To mark the 300th anniversary of its foundation (1702–2002), Caja Madrid commissioned the architect and sculptor Santiago Calatrava to design a monument that would be donated to the Villa de Madrid.

It was conceived as a monument able to describe a helicoidal movement, yet the hefty maintenance costs (over 150,000 euros/year) led to the Ayuntamiento de Madrid's preference for keeping it "static".

According to the initial project, the work would measure 120 meters tall. However, the complex network of tunnels that pass underneath the Plaza de Castilla made this original project unworkable, because of its weight. A decision was therefore made to lower the height to 92 metres.

In early October 2007, the Caja contracted construction company Acciona to carry out the project, and in July of the following year building work began, having dismantled the fountain which existed previously at the selected spot. The obelisk was unveiled on 23 December 2009 by Juan Carlos I.
Maintenance was supposed to be paid by Caja Madrid, but its problems during the 2008–2014 Spanish financial crisis, leading to its transformation in Bankia, caused it to be assumed by the city.

== Description ==
Caja Madrid decided to call this monument an obelisk despite it lacking the typical pyramid-like tip. In fact, its design is inspired by the Endless Column, a work of 29.33 meters in height by Romanian sculptor Constantin Brâncuși, built in 1938 in Târgu Jiu, Romania.

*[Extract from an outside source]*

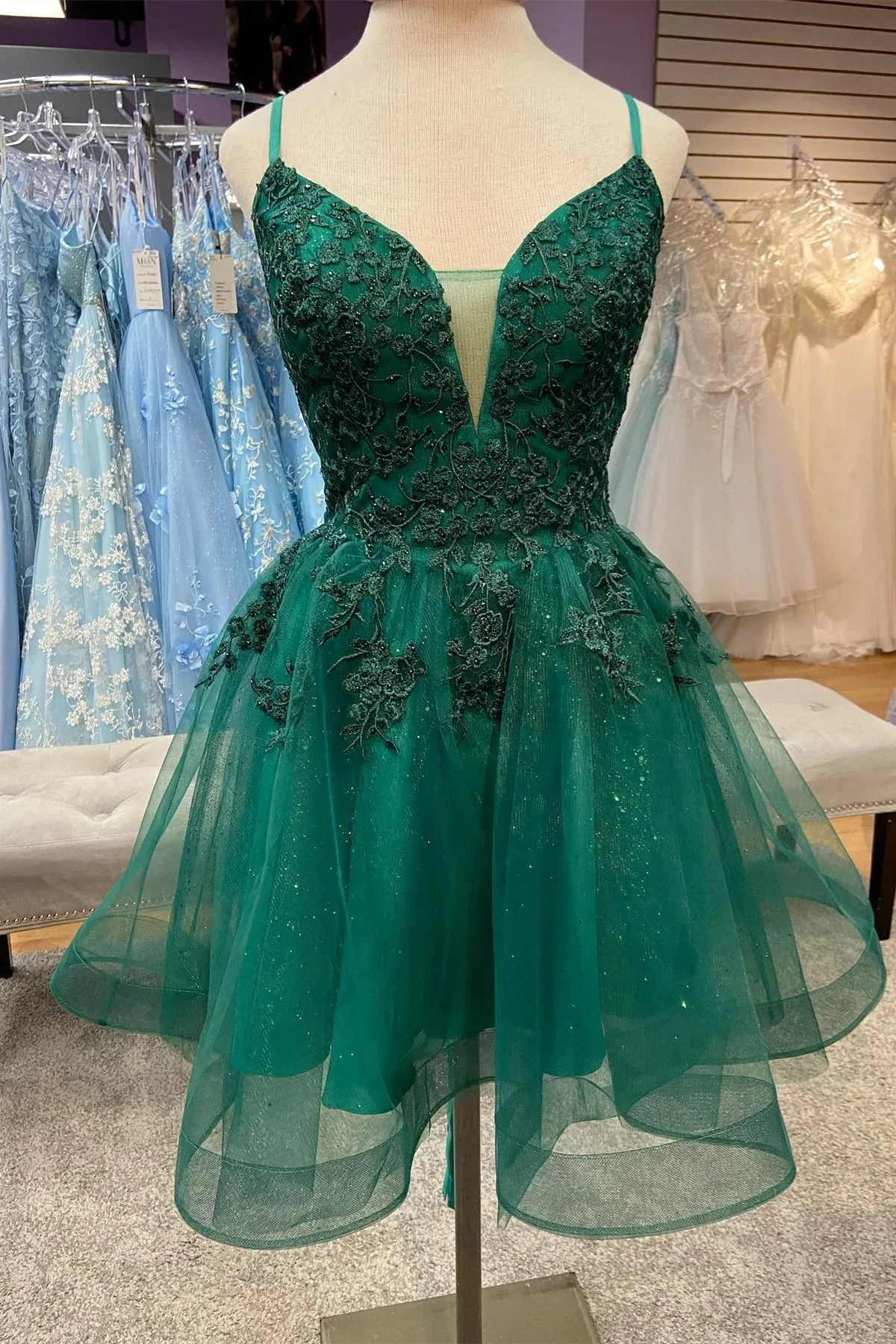 Hunter Green Plunging V Neck Straps Appliques Tulle Homecoming Dress Y2074 by simplepromdress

Calatrava described his work as "a mobile obelisk participating in the masculinity of the vertical [direction] and the delicacy and femininity of movement."

The inner core of the work, 92 meters high, is a cylindrical metal shaft of equal length and 2 meters in diameter, which rests on three metal legs. These, which weigh 50 tons each, are based in turn on three concrete piles 80 inches in diameter and 26 meters long. Instead of supporting the mast directly above its long axis, it was decided to do it this way to not make extreme demands on pre-existing tunnels at the site.

By fixing the shaft through joints, 462 ribs and 462 bronze strips 7.70 meters in length, line the entire obelisk. These strips have a tilting movement transmitted through the ribs, giving the appearance of an outwardly moving wave of ascension along the spine.